Even the WSM stock price is in positive territory — though barely — on a YTD basis. Sadly, that metric alone won’t save WSM stock from being relegated to the discount dustbin.
The main problem for Williams-Sonoma can be summed up in two words: operating margins. Although WSM stock’s net income figures for Q2 FY2015 were in line with Wall Street estimates, a non-recurring benefit from a favorable income tax adjustment boosted the bottom line. Less impressive, however, was the negative revision for Q3, with WSM stock’s EPS estimates dropping to a range between 68 cents to 73 cents against an original target of 75 cents.

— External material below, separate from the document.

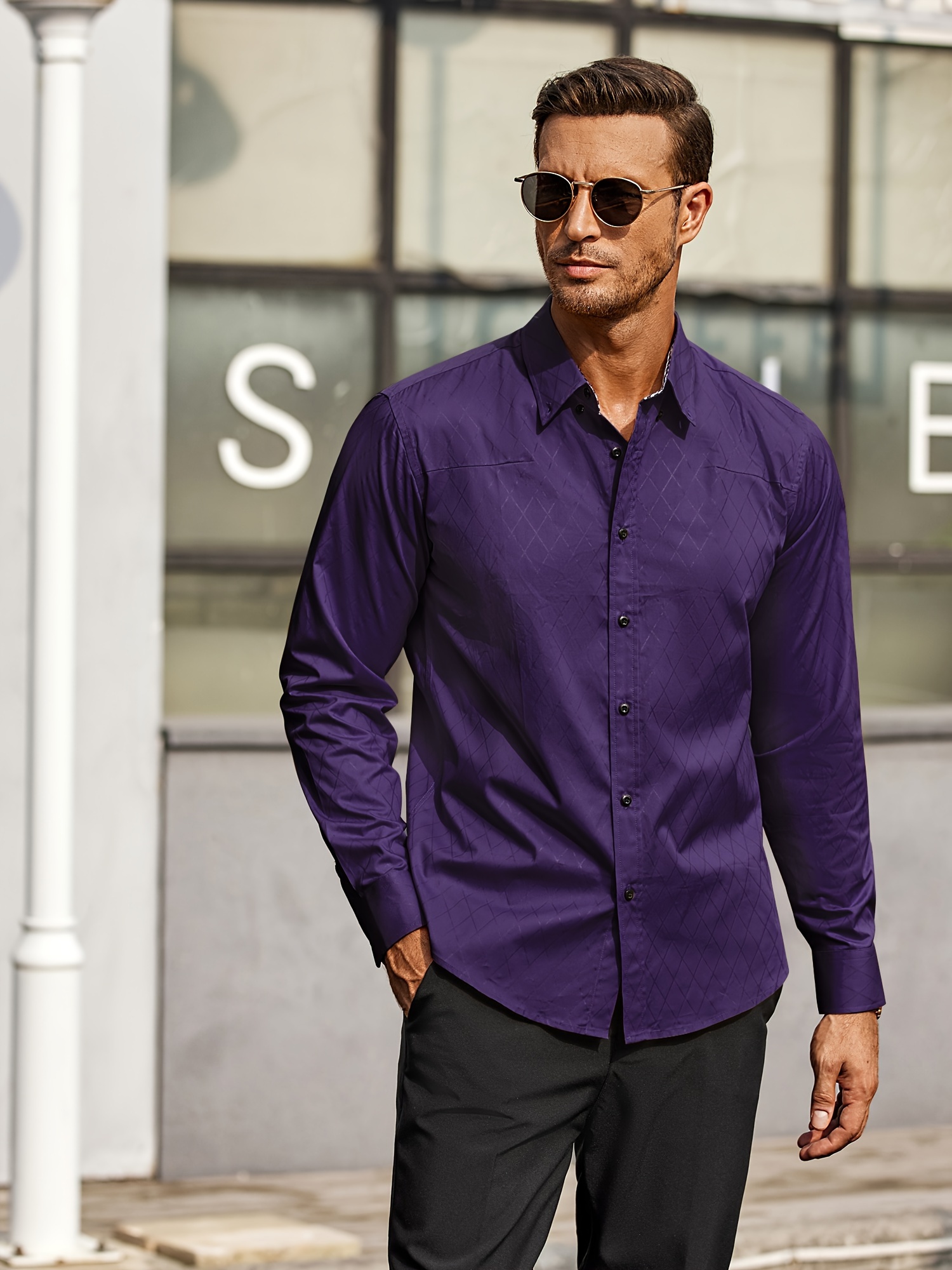 mens business dress shirt long sleeve casual fit button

The bearishness stems from a lack of profitability, particularly in Williams-Sonoma’s e-commerce division, where a bulk of its revenues originate. The broader issue of economic slowdown further reinforces the margin-squeeze dilemma.
Technically, the situation hasn’t looked bad for WSM stock until quite recently, with shares charting a bullish trend channel for most of the year. That optimism came to a sudden halt when WSM stock followed the Dow Jones Industrial Average in lockstep to market purgatory in mid- to late August.

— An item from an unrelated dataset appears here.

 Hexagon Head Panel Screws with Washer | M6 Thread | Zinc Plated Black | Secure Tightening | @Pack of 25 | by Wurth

Since dropping to a low of $74.64 on the first day of September, WSM stock hasn’t done much of anything at all.
This sets up the possibility that WSM stock is in a consolidation phase just prior to the bears moving in for the kill. With both the broad fundamentals and Williams-Sonoma themselves confirming hesitancy, now is a good time to sit this one out.
Home Furnishing Stocks to Sell: Bed Bath & Beyond (BBBY)

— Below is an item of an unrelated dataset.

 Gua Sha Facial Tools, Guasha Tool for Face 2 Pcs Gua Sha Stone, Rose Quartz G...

One of the more eclectic names among home furnishing stocks, Bed Bath & Beyond operates a number of stores besides its namesake brand, including popular outings such as World Market and buybuy Baby. Despite its diverse portfolio, however, BBBY stock hasn’t been able to climb out of the doldrums, with shares down nearly 26% YTD and demonstrating little evidence of turning around.
Blame the mixed message sent by BBBY’s latest earnings report. Although BBBY stock’s EPS hit $1.21, matching Wall Street’s expectation and improving 3.4% on a year-over-year basis, revenue failed to meet consensus forecast. Same store sales also fell short of company expectations as a result of unfavorable currency dynamics — a situation that Bed Bath & Beyond believes will continue to negatively impact sales. Further problematic issues arose in the form of gross profit margins, which jumped 38%, primarily due to increased offers and redemptions of coupons.
But the most obvious point of concern for BBBY stock is its technical health.
As noted by Market Realist, BBBY stock has breached all major support lines — against the 20, 50 and 200 day moving averages, Bed Bath & Beyond shares are down an average of nearly 9%. Worse yet, BBBY stock started this week with a brutal 4.4% loss, setting up a long road ahead for regaining credibility in the markets.
Combining a less-than-stellar earnings performance along with broad pessimism for the all-important third quarter, the risk may be too much to justify an investment in BBBY stock.
As of this writing, Josh Enomoto did not hold a position in any of the aforementioned securities.